ISSUE No.21 - NOVEMBER 2009
81st ENTRY NEWSLETTER
Editor: Mike Stanley
PERCY PILCHER (1866-1899) by Tod Slaughter.
During my years as a volunteer at the IWM at Duxford I have worked on many of their aircraft to a larger or lesser degree. One of the most fascinating and certainly the oldest, albeit a replica, was the "Hawk" a flying machine designed, built and flown by a gentleman by the name of Percy Sinclair Pilcher. In the annals of British aviation Percy Pilcher is not a name that springs readily to mind. I decided to find out more about this person and to my mind he turned out to be quite an unsung hero.
He was born in Bath in 1866 to a Scottish mother. He served in the Royal Navy for a short time before becoming an apprentice at the Govan ship-builders Randolph, Elder and Co. In 1891 he took up a post at the University of Glasgow as a lecturer. It was here that he proceeded to design and build gliders as he, like many of that era, was fascinated by the concept of manned flight. His first machine which he called the Bat flew successfully but it was his forth "The Hawk" that was the most successful of all. It was built, as was the replica, of bamboo, stretched linen and numerous rigging lines. To enable him to perfect his designs he travelled to Germany where he met Otto Lilienthal, the most famous glider designer of the time. In that respect Percy was the British equivalent of Otto. Percy travelled around Britain showing his prowess giving many gliding demonstrations in the Hawk to an incredulous audience of onlookers.
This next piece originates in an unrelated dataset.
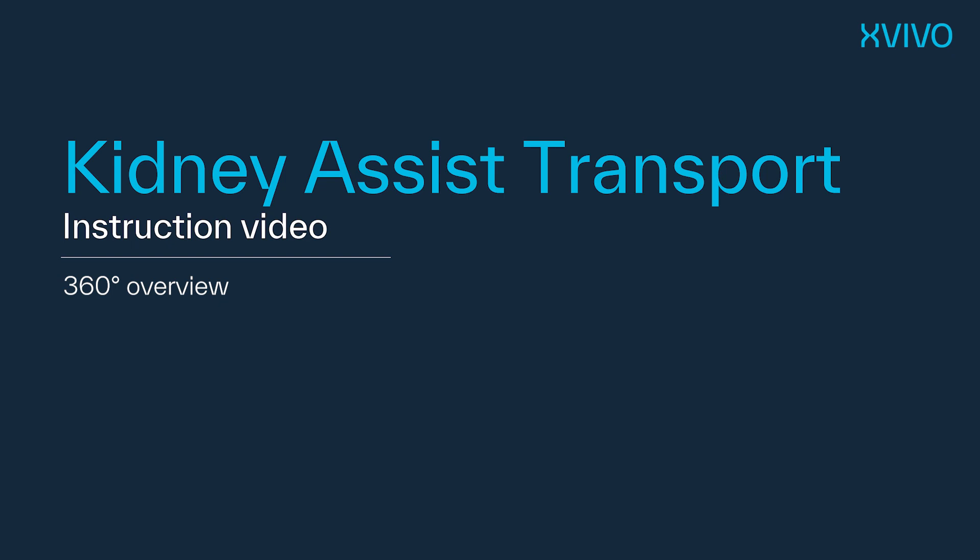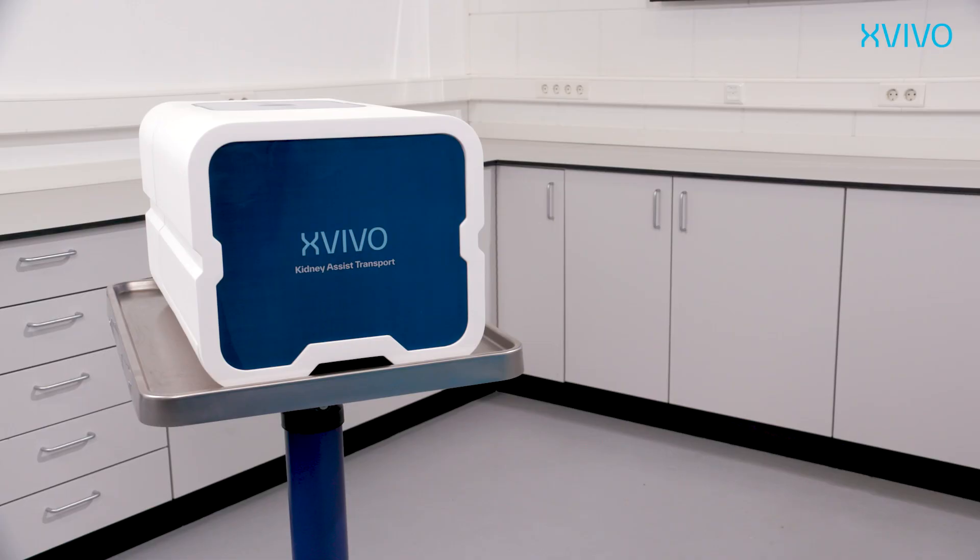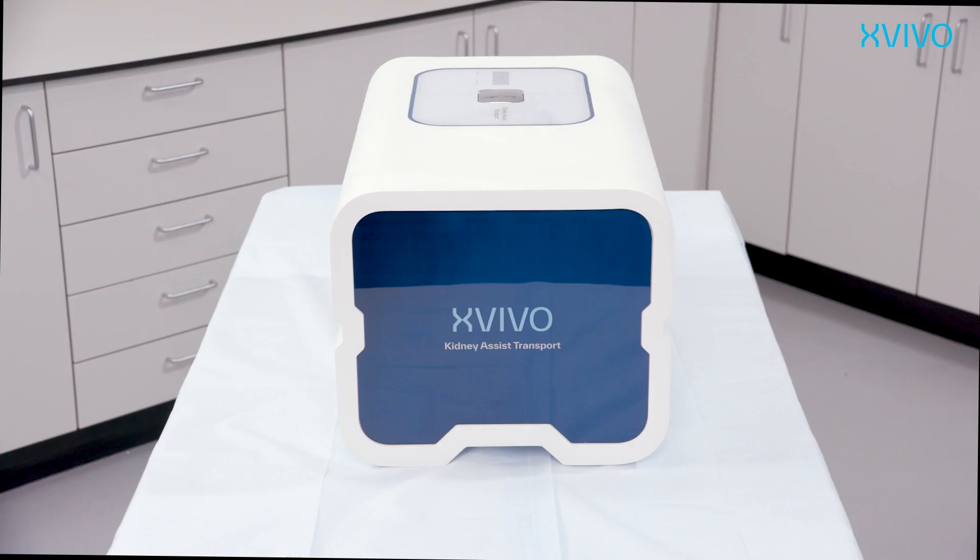Welcome to the instruction video of Xvivo's Kidney Assist Transport, a transportable system for hypothermic oxygenated machine perfusion of kidneys.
Like many of his contemporaries Percy Pilcher was looking to the future of powered flight and not just a launch from a hill or a tow from a rope. It was to this end that in a rainy day in October 1899 in a park near Market Harborough that a crowd turned up to see Percy make his first test flight in a triplane glider powered by a 4hp engine weighing some forty pounds, but the weather was against him. Had the weather been better and perhaps if he had been successful who knows he may have beaten the Wright Brothers by a number of years but fate was to show her hand.
The crowd was getting restless at the delay so he decided to fly his trusted Hawk. The rain had saturated the rigging lines and he needed to take the slack out of them.
Still there was some delay and as the lines started to dry out they became dangerously tight. During the subsequent flight a guideline connected to the tail snapped and the Hawk and Percy tumbled thirty feet to the ground. Sadly he died two days later without regaining consciousness.
His memory faded in the passing of time and most people now are unaware of his existence. He just became one of those many pioneers who lost their lives in pursuit of a dream. It is fitting therefore that when you enter the Air Space, hanger 1, there suspended high up just inside the entrance hall is "The Hawk" replica. A reminder of one mans brave sacrifice.